What I found more useful than the interaction ZH wrote about was the answer to another question from a consulting firm (more appropriately named Whelan, Whelan and Whelan) in which the FTC revealed that some of the top complaints for 2013 were ID Theft, Imposters, Autos, Mobile and Phantom Debt. A few days prior to the chat the FTC fully disclosed in their annual Consumer Sentinel Network report the Top 30 complaints registered last year. The report is very informative and aggregates a tremendous amount of data in a very user-friendly format. If you dig into the data a bit, of all 2,101,780 complaints collected by the CSN, 1,829 of them were for the "Multi-level Mktg\Pyramids\Chain Letters" subcategory of Business and Job Opportunites Fraud complaints, representing 0.09% of all complaints. For a random comparator that is 1/4 the number of complaints received for Payday Loan services (9,804) and less than 1/2 the number of complaints received in the Student Loans category(5,627) and a tad more than those received in the Social Networking Service category (1,661).  I'm not advocating that Sallie Mae, Cash America or Facebook are good shorts, but based on this data would it appear that MLM companies such as Herbalife, Nu Skin, Avon, and Tupperware represent a credible threat to US consumers? Even if you assumed that ONLY these four companies were responsible for every single one of the 1,829 complaints in the category and not a single one of the twelve other publicly traded MLMs had a complaint filed against them, this would represent about one one hundredth of 1% of those four companies customers.

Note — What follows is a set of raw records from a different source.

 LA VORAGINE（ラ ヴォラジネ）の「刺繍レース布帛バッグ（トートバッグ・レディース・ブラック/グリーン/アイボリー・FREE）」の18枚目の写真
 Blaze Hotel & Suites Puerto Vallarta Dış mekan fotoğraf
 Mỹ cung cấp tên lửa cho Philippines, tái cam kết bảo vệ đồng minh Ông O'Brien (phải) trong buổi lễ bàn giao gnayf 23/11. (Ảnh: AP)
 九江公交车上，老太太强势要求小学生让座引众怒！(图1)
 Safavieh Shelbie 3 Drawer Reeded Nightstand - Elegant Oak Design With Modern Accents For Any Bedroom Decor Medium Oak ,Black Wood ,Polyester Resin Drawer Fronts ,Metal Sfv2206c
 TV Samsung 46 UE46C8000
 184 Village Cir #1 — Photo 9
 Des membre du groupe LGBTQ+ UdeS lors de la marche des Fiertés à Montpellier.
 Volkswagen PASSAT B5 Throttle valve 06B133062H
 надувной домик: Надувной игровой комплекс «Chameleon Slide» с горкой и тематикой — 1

If you push that further to assume that all 1,829 complaints were filed solely against Herbalife, that would still only be six one hundredths of 1% of their US customers. Considering that in 2012 Herbalife only had a little over 200 complaints filed against it in the CSN you can begin to understand why I think Pershing Square resorted to lobbying their Herbalife short thesis, even though they should have been exiting it.

Oddly enough, there were only six metropolitan areas in Massachusetts that even made the complaints per capita list, all ranking very low for fraud complaints (I had no idea lobsters were such satisfied consumers).  In a city where I feel like I could easily get extra fraud  sprinkled on my onion-crunch dog, I was also proud to see that the entire New York metro area did not even make the top 100.

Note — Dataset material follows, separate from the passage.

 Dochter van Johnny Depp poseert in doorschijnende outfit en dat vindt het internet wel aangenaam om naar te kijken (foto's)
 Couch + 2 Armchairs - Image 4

Number 1 on the list was Homosassa Springs, FL. With a median age of 54 and 93% Caucasian, I can only imagine what the number one complaint was; not enough monkeys on Monkey Island maybe?

You wouldn't believe what metro area was number 4 on the list; Washington-Arlington-Alexandria. Maybe lobbying fraud is contained in the "other" category.

Based on the FTC's #NCPW2014 chat forum, maybe I'll get lucky and the SEC will host a #NIPW2014 session. I've got my questions ready and waiting. Maybe I'll be first in the queue and the SEC intern will follow protocol, retweet me and the internet will alight with the soft clicking glow of fat-finger theories and questions about how trading in Herbalife securities. I doubt that'd ever happen though since regulatory agencies like the FTC and the SEC would never ever confirm/deny/discuss any potential investigations.